Lino unveiled a 10-seat chef’s table experience in the posh Lisbon neighborhood of Principe Real last year; meanwhile, Galapito opened a farm-to-table restaurant inside the Lisboans, a hotel made up of stylish apartments in the city center. A third, Miguel Vieira, who had gained renown in Budapest, came back in 2015 to turn one of the country’s premier French restaurants into a bastion of Portuguese cuisine—retaining the kitchen’s Michelin star in the process.
It’s not just that tourists and pensioners are coming with the disposable income for elaborate tasting menus, although it’s true that there are more bodies to fill restaurants in Portugal than ever. Locals have developed a keener appreciation for food, giving chefs room to pursue more adventurous projects that put their international experience to use.
“Portuguese food has always been great,” Vieira adds. “But if we [chefs] can add our know-how.
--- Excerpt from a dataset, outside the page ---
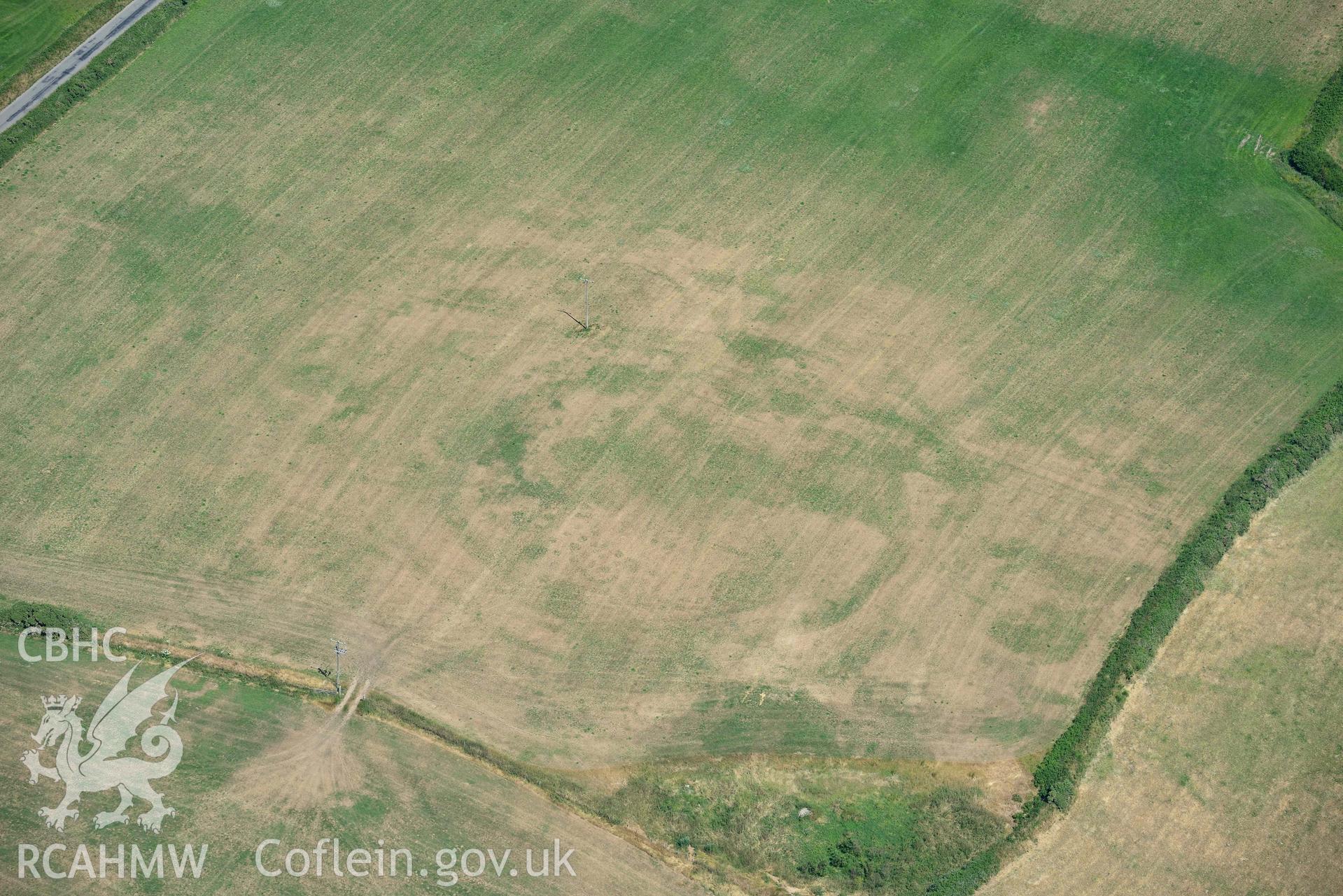 Aerial photograph: Bryniau or Bryn Rhydd cropmark enclosure. Crown: CHERISH PROJECT 2018. Produced with EU funds through the Ireland Wales Co-operation Programme 2014-2020 (NGR SH265387)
We can take it to another level—and thankfully, that’s what’s happening at the moment.”
Here are the need-to-know restaurants for any trip to Portugal—all by chefs that have recently returned home to create a bright future for Portuguese cuisine.
“I wanted to be closer to the ingredients I was cooking with,” says 27-year-old chef Antonio Galapito after years of cooking Portuguese food at Taberna do Mercado in London’s Old Spitalfields Market. Now, in a bright, plant-filled dining room on the first floor of the Lisboans hotel, he makes a twist on beef tartare, using Portuguese cows that have been grazing the land for years to develop deep, intensely flavored meat. Rather than present it purely raw, he grills the beef and cold-smokes it with red eucalyptus for three hours, and then stuffs it into grilled cabbage leaves sourced from one of the country’s oldest organic farms. Another signature that hasn’t left the menu since day one is a plate of buttery, garlicky cockles with chard and crispy bread crumbs.
“This is what Prado really is,” he says, “simple Portuguese products cooked well.”
Fortaleza do Guincho, Cascais
After 15 years abroad, chef Miguel Rocha Vieira returned to Portugal in 2015 with Hungary’s very first Michelin star on his resume. The opportunity to become head chef at Fortaleza do Guincho, a historic fortress transformed into an elegant Relais & Chateaux beach resort in his hometown of Cascais, seemed like the perfect full-circle narrative. “I’m the first Portuguese chef here,” he says. “I felt that I had to leave my mark.”
What used to be one of the country’s best French kitchens now has a fully Portuguese menu, largely focusing on the area’s excellent seafood. The national dish of feijoada, for instance, is reinvented to feature monkfish and langoustine, rather than bacon or sausage. But meat is at the heart of a signature creation called Head to Toe, which uses every part of the black pig: There’s tenderloin, a delicate neck terrine, crunchy cracklings, and a pig’s feet stew that’s cleverly plated to resemble an acorn, the main source of the animal’s diet.
During his time in Spain, Manel Lino worked at such global dining destinations as Mugaritz and El Celler de Can Roca, rated No.1 restaurant in the world in 2015. He’s back in Lisbon now as the head chef at Local, a year-old, 194-square-foot chef’s table concept in the fashionable neighborhood of Principe Real. Only 10 diners fit around a communal table in a minimally decorated dining room, where Lino serves a five-course tasting menu, or a tightly curated nine-dish á la carte menu of reinterpreted Portuguese comfort foods.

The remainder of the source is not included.